Dans votre analyse si correcte d'Eurêka, vous avez fait ce qu’à votre âge je n’aurais peut-être pas pu faire, et ce qu’une foule d’hommes très mûrs et se disant lettrés sont incapables de faire. Enfin, vous m’avez prouvé ce que j’aurais volontiers jugé impossible, c’est qu’une jeune fille peut trouver dans les livres des amusements sérieux, tout à fait différents de ceux, si bêtes et si vulgaires, qui remplissent la vie de toutes les femmes.

Si je ne craignais pas encore de vous offenser en médisant de votre sexe, je vous dirais que vous m’avez contraint à douter moi-même des vilaines opinions que je me suis forgées à l’égard des femmes en général.

Ne vous scandalisez pas de ces compliments si bizarrement mêlés de malhonnêtetés; je suis arrivé à un âge où l’on ne sait plus se corriger, même pour la meilleure et la plus charmante personne.

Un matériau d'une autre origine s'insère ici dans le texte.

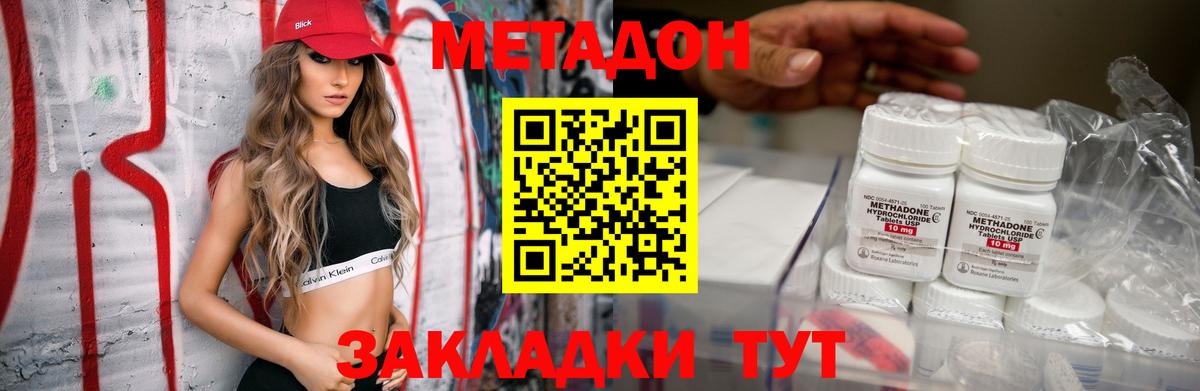 Метадон белоснежный Верхний Уфалей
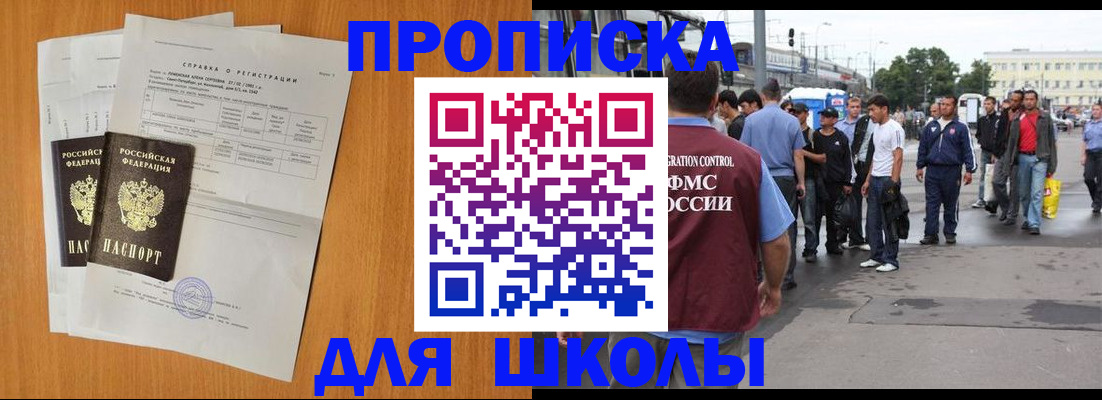 прописка для военкомата в Петровске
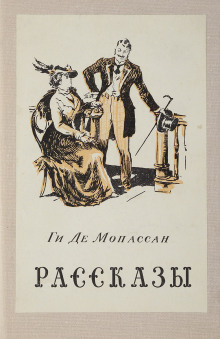 Аудиокнига Рассказы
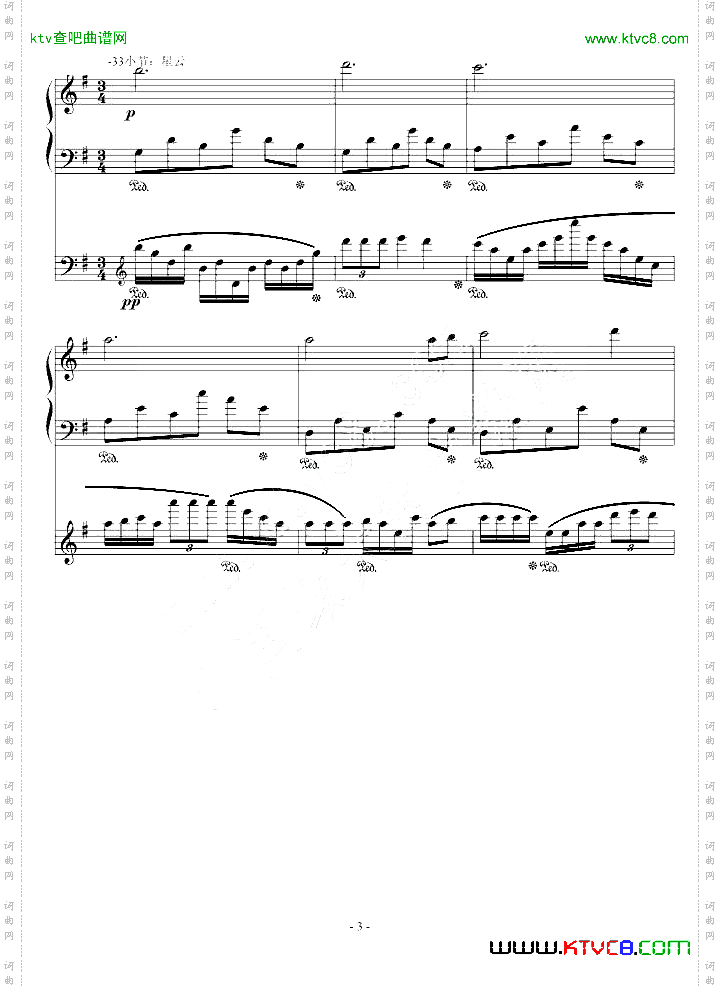 流星小幻想曲修改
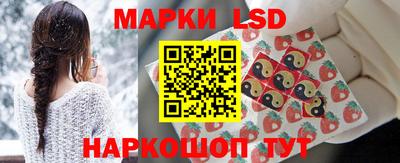 PSILOCYBIN Ставрополь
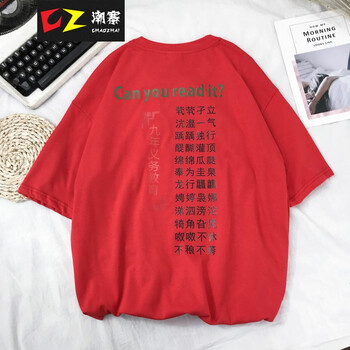 潮寨（CHAOZHAI） 短袖 男士T恤 紅色. 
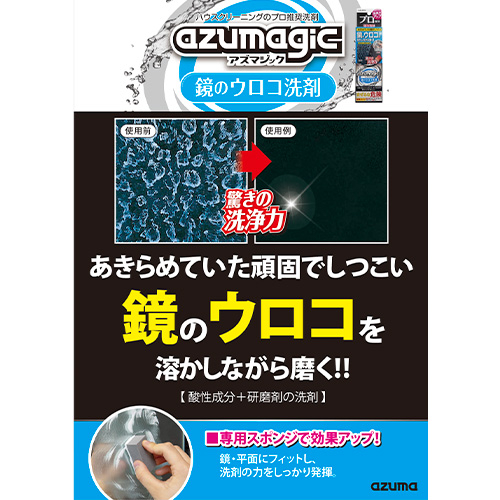 アズマ工業 アズマジック 鏡のウロコ洗剤 CH878 250g｜【ハンズネット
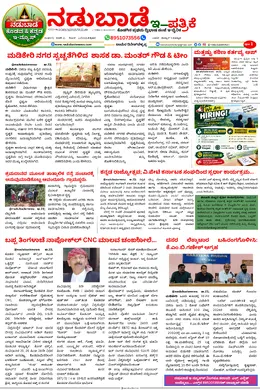 ನಡುಬಾಡೆ ಇ-ಪತ್ರಿಕೆ front page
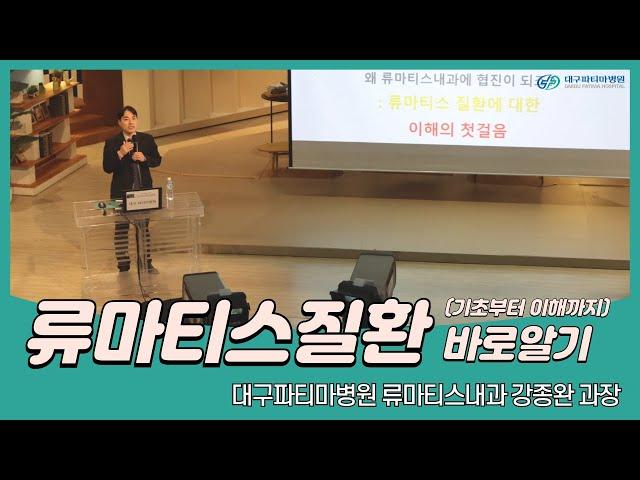 류마티스질환 바로 알기 - 대구파티마병원 류마티스내과 강종완 과장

Croyez, Mademoiselle, que je garderai toujours le souvenir du plaisir que vous m’avez donné.

A POULET-MALASSIS •

Mon cher ami,

Pincebourde me dit que vous partez pour Bruxelles, aujourd’hui 15. Est-ce vrai? Quand vous partirez,je vous chargerai d’une note pour M. Vervoort, résident de la Chambre des députés et président du Cercle artistique, contenant les titres des lectures que je veux faire. Je veux un traité: 200 fr.